*** SUPPLIED ENTRIES Section Begins ***

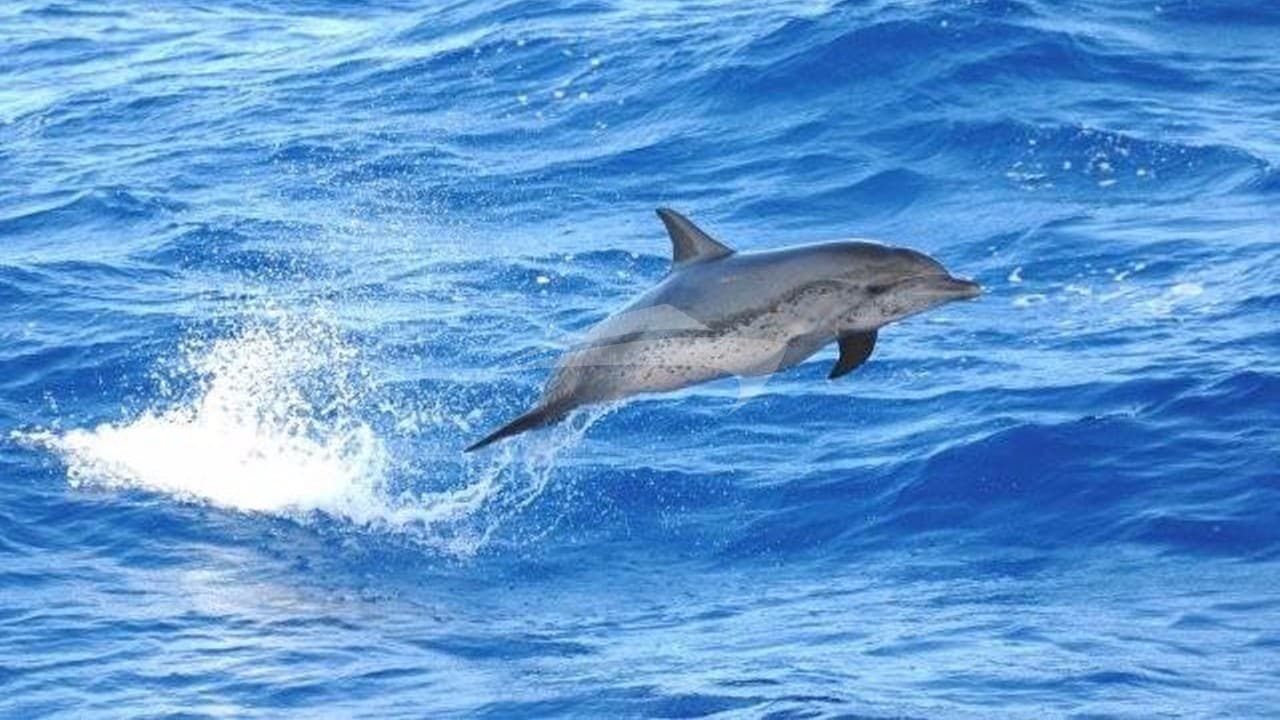 THE DOVE, photo from the yacht portfolio 17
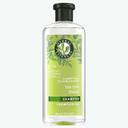 Herbal Essences Classics Clarifying Tea Tree Shampoo, 13.5 Fluid Ounce -- 6 per case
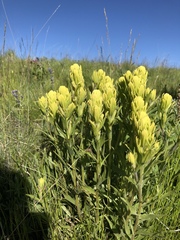 Castilleja cusickii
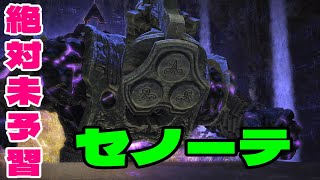 【FF14】天深きセノーテ 攻略【実況】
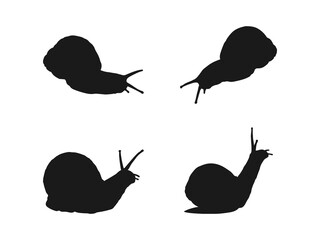 Snail vector icon. Isolated snail symbol illustration. Snails in the set. Garden and aquarium snails. Flat icons for logo, symbol, label, and sticker. Isolated on a white background.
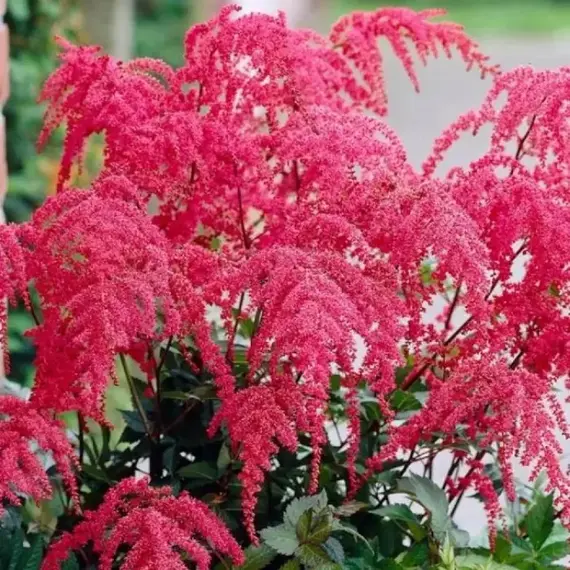 Астильба Ред Чарм, изображение 2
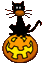 mq.gif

*** SUPPLIED ENTRIES Section Ends ***

* _EXERCISE GOAL_
Exactly the lines from the one with "Herbal Essences Classics" to the last line of the listing are wanted, both ends included and pictures excluded.

* _WRITTEN RESPONSE_
 Herbal Essences Classics Clarifying Tea Tree Shampoo, 13.5 Fluid Ounce -- 6 per case
 Castilleja cusickii
 【FF14】天深きセノーテ 攻略【実況】
 Snail vector icon. Isolated snail symbol illustration. Snails in the set. Garden and aquarium snails. Flat icons for logo, symbol, label, and sticker. Isolated on a white background.
 Астильба Ред Чарм, изображение 2
 mq.gif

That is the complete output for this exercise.